Paket penggalangan dana dilaporkan mencakup hingga $1,5 miliar dalam catatan konversibel yang dipimpin oleh hedge fund Third Point, ditambah sekitar $2 miliar investasi dari Nvidia. Goldman Sachs memberikan saran terkait upaya ini. Jika IPO berjalan sesuai rencana, ia berpotensi mengumpulkan tambahan $3 miliar, dan bisa diluncurkan secepatnya pada September 2026.
Backlog pendapatan yang berlipat ganda dalam sebulan
Backlog pendapatan yang dikontrak perusahaan melonjak menjadi sekitar $103 miliar, hampir dua kali lipat dari sekitar $51 miliar hanya sebulan sebelumnya.
Katalis untuk lonjakan tersebut: perjanjian enam tahun senilai $45 miliar dengan Anthropic untuk kapasitas di kampus Nscale di West Virginia. Kesepakatan tunggal ini menyumbang hampir setengah dari seluruh peningkatan backlog.

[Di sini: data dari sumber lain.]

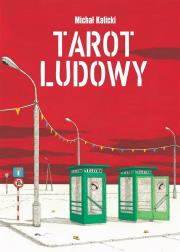Okładka książki Tarot ludowy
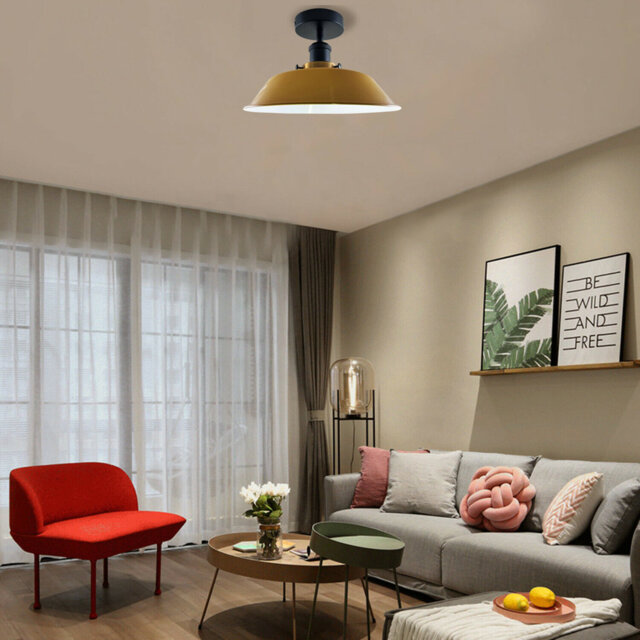 Lederer Flush Mount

Nscale juga telah mendapatkan kontrak dengan Microsoft dan OpenAI, menurut laporan, semakin memperkuat posisinya sebagai penyedia utama bagi perusahaan-perusahaan yang seluruh model bisnisnya bergantung pada akses terhadap daya komputasi besar.
Struktur pembiayaan
Catatan yang dapat dikonversi yang dipimpin oleh Third Point dihargai dengan diskon dua angka di bawah harga IPO yang akan datang, dengan penyesuaian konversi dibatasi pada valuasi $30 miliar.
Penilaian pribadi terbaru Nscale berada di $14,6 miliar, ditetapkan selama putaran Seri C senilai $2 miliar yang selesai pada Maret 2026. Jika IPO dihargai pada atau mendekati kap $30 miliar yang dapat dikonversi, itu akan merepresentasikan kenaikan sekitar 2x dari Seri C dalam hitungan bulan.
Dari nol hingga IPO dalam dua tahun
Josh Payne mendirikan Nscale pada 2024 dengan fokus pada infrastruktur AI terintegrasi vertikal, yang berarti perusahaan mengendalikan seluruh stack mulai dari pembangunan pusat data hingga penempatan GPU hingga layanan cloud.
Daftar investor perusahaan mencakup Nvidia, Dell, Nokia, Point72, Citadel, dan konglomerat Norwegia Aker. Dewan direksi mencakup Sheryl Sandberg, mantan COO Meta, dan Nick Clegg, mantan Wakil Perdana Menteri Inggris yang juga menjabat sebagai presiden urusan global Meta.
Goldman Sachs dan JPMorgan telah terlibat dalam persiapan IPO sejak Februari 2026, menunjukkan bahwa pencatatan tersebut telah direncanakan selama berbulan-bulan daripada keputusan mendadak.